5| Know how to work together as a team
There is a saying that you are not supposed to mix business and pleasure, but for Serenitea founders Peter and Juliet, their decision to go into business together was the best one they ever made.
When the couple decided to partner together for Serenitea, they were not thinking about the risk of conflicts that might affect their relationship.
Instead, they were focused on sharing their common goals and passion that build a strong business partnership for the future.
“Sa amin, ako yung very stressed at sya yung very relaxed,” she says. “Kasi kung pareho kaming tense and stressed, baka magsabay kami ng init ng ulo.
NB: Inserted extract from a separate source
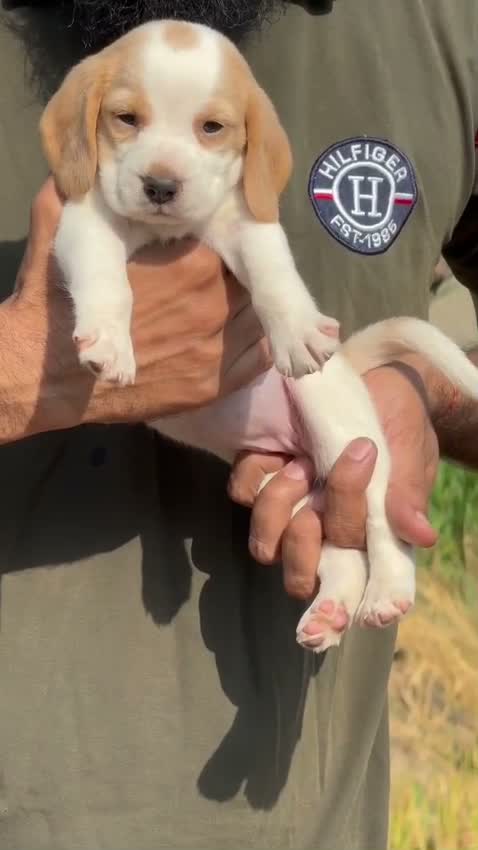Beagle Black & Tan Puppy, farm video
“Sa mga decisions, yung last say is my husband pa rin. Siya yung kino-consult ko. I always validate with Peter if okay lang ba ganito, if ganyan pag sabi niya okey, eh di okay. Pero pag sinabi niya na bahala ka na, eh talagang bahala na ako pag binigyan niya ako ng go-signal. Pag may sinabi siya ganito, ganyan eh di gagawin ko na lang para di magulo.
“I am very blessed to have a partner na parehas kami ng goals sa life and business. It is also normal that sometimes we criticize each other’s ideas but, for me, nothing is personal. I know it’s for our own growth naman. Hindi rin kasi okay yung masyadong matampuhin. To me, that’s nonsense.”